Along with the potential of impacting thousands of commuters, Amtrak, which utilizes TRE tracks in North Texas, has said it may discontinue service next year on rail lines that are not PTC ready.
“I think we are all concerned that we are not going to meet the deadline,” said Sue Bauman, board chairwoman for DART, which supervises the TRE.
Bauman told NBC 5 Investigates that there were no plans to hold any particular individuals responsible for the delays, opting instead to share the blame throughout DART, Trinity Metro and the TRE.
“Are you saying, are we looking to blame someone … I think we are all accountable, if you want to know,” she said.
Bauman said much of the problem has been because one of the major vendors, Wabtec, has been overwhelmed by commuter lines throughout the country that need PTC equipment installed by the deadline, set by the Federal Railroad Administration.

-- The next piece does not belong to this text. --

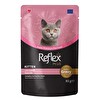 Reflex Plus Sos İçinde Et Parçacıklı Kuzu Etli Yavru Kedi Maması 85 g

“I’m not blaming the vendor because I think the vendor has just been overwhelmed with their delivery to all the people who need their product,” Bauman said.
Wabtec describes itself on its website as “a leading supplier of value-added, technology-based products and services for freight rail, passenger transit and select industrial markets worldwide.”

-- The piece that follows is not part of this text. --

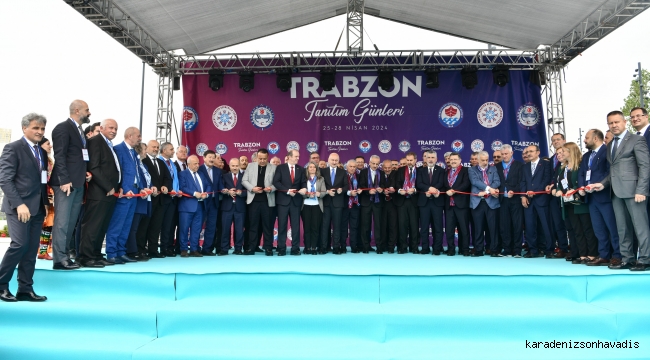 BAŞKENT’TE TRABZON RÜZGARI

The company, based in Pennsylvania, did not respond to multiple requests for a comment.
Heightened safety laws for trains, including a federal mandate for PTC systems, came in 2008 following one of the worst rail crashes in history, between a commuter train and a freight locomotive in Los Angles.
Twenty-five people were killed and 135 were injured.
“It shouldn’t take this long,” said Claudia Souser, who lost her husband in the accident.
NBC 5 Investigates went to Los Angeles this year to see how that city’s rail lines have improved since the tragedy.
In an interview, Souser told us trains everywhere should already be protected by PTC.
“It’s the right thing to do, and it should be done,” she said.
TRE staff has apparently known for months that the PTC deadline would not be met, according to internal documents obtained through open records requests.
Those records included a staff presentation in January which suggested the deadline might be missed, and a progress report in June which said full implementation would not occur until December 2019, a full year after the deadline.
The TRE is one of nine commuter rail lines across the country that are in danger of not meeting the federal requirements, leaving officials to hope the federal government will grant them a deadline extension to get up to speed.
If that doesn’t happen, and the trains are sidelined, the back-up plan is to deploy buses for commuters.
“That will be in the back pocket,” said Bauman. “It’s not something we hope we’re going to exercise.”